Baby Bell phone company SBC Communications has launched a promotion that breaks a barrier of sorts. It’s offering DSL for $19.95 (£11) a month. It only comes in a bundle though. You must also subscribe for one year to SBC’s unlimited calling plan at $48 (£26) a month.
The DSL service promises download speeds of between 384kbps and 1.5mbps, and an upload speed of up to 384kbps. It also includes increased e-mail account storage, safety and security features and a parental control package.
SBC Communications, who markets DSL high-speed services in partnership with Yahoo, say the $19.95 (£11) a month plan, effective from 1st November, is available to new broadband subscribers or for customers who want to change from cable to DSL.
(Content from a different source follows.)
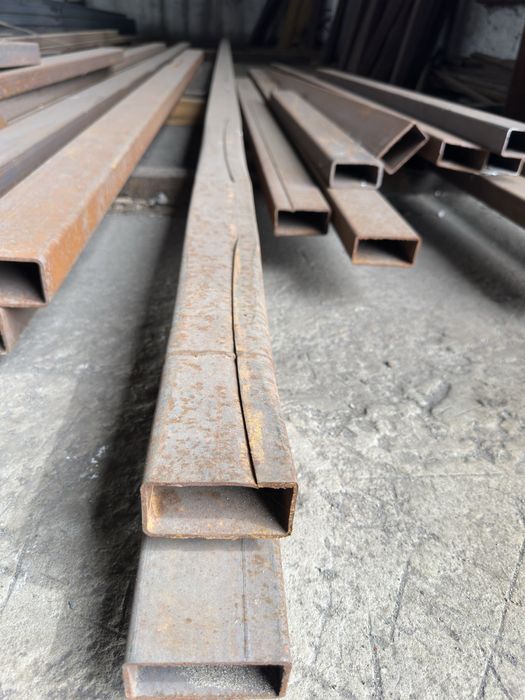 Метал б/у, некондиція / некондиция труба, кутик, лист 25 грн/кг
It’s a regular tussle between the phone companies and the cable companies. Approximately 60% of US homes with broadband access, use cable modems, but broadband penetration nationwide has not yet hit 50%. By the end of 2004 roughly 30 million of the 110 million US households will have broadband access – still only 30%.
At the end of the second quarter (2004) UBS said cable firms had 16.7 million Internet customers, while phone companies had 11.3 million DSL customers – still a considerable gap.
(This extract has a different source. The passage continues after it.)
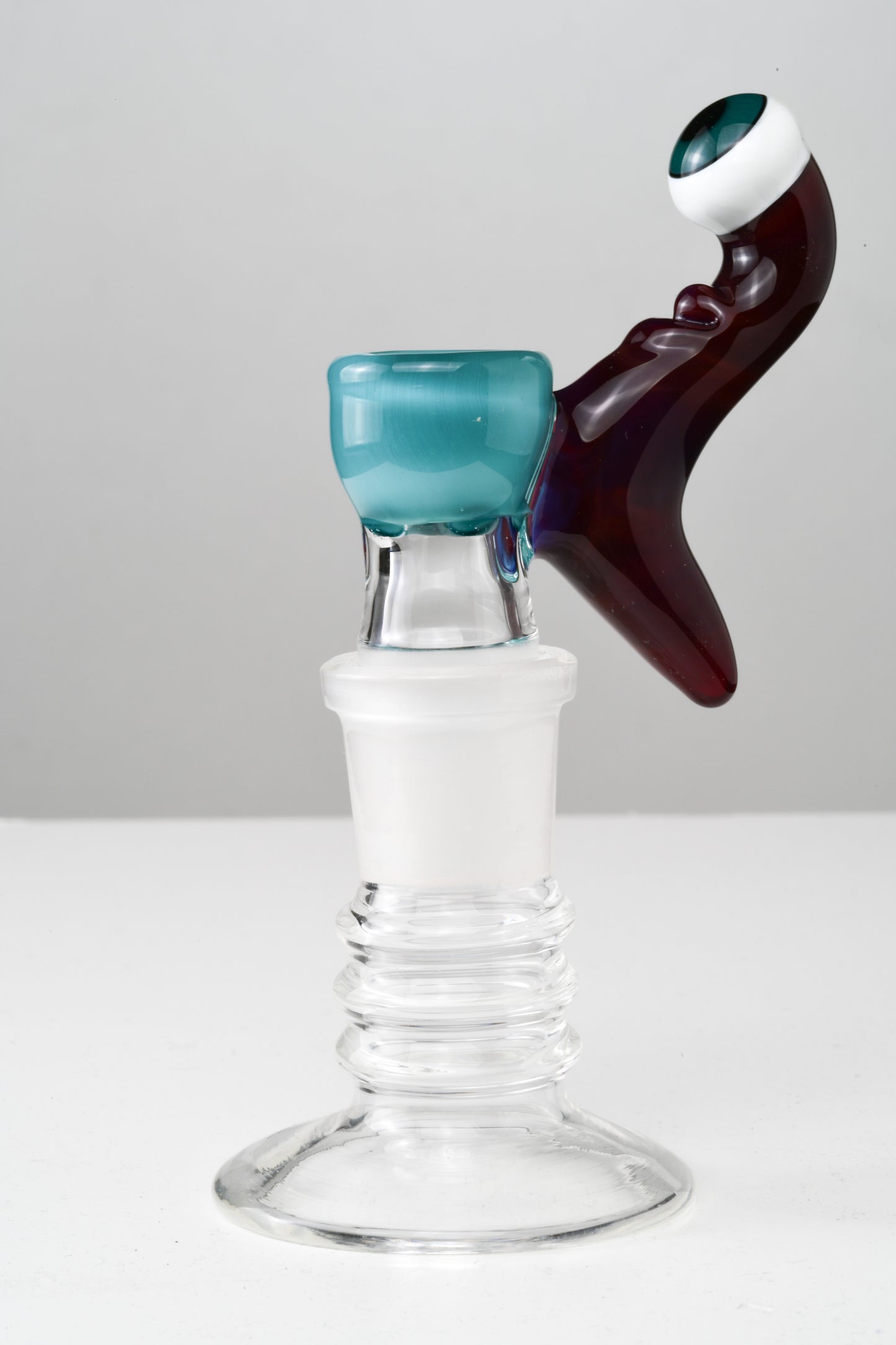 Browski - Bol violet bleu 18 mm à 4 trous ?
Looking ahead, Local Bells plan to replace ageing copper wiring in affluent urban areas with fibre-optic wiring that will also handle video, hoping obviously to stop wireless and cable service providers at the pass. Indeed, only last week SBC granted Alcatel a $1.7 billion contract to install fibre-optic lines in its network infrastructure, so that it can eventually handle video, while Motorola will supply equipment to Verizon for their video service.
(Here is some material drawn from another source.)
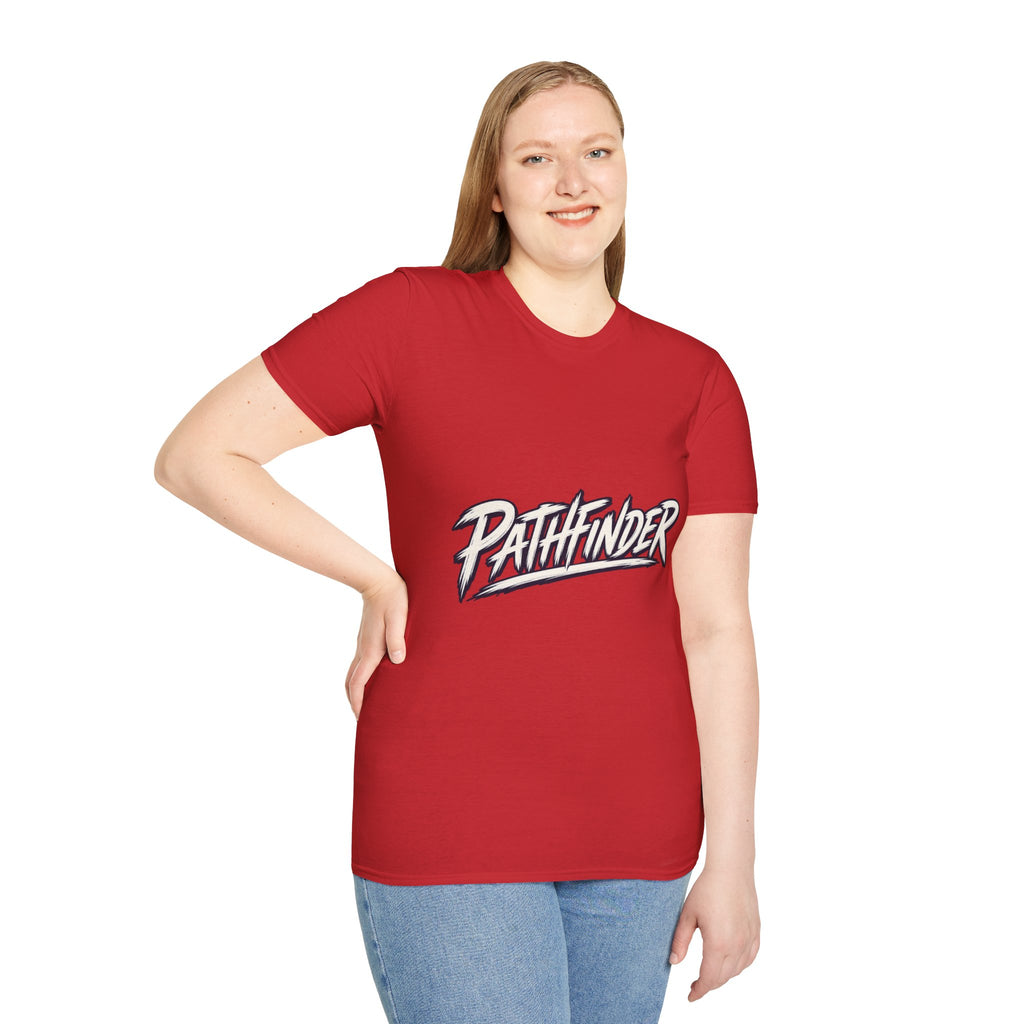 Pathfinder Adult Graphic T-Shirt — Streetwear Logo Tee for Adventurers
But cable companies like Comcast and Time Warner Cable remain the market leaders for household broadband customers. While phone companies like SBC, Verizon Communications, BellSouth and Qwest Communications are upgrading their networks to handle higher bandwidth applications such as video.
While SBC added 402,000 DSL customers in the third quarter and Verizon added 309,000 DSL customers, cable firm Comcast signed up 549,000 broadband customers in the same period. Comcast did target college students though with a $19.95 (£11), six-month promotion, which may go some way towards explaining their third quarter success.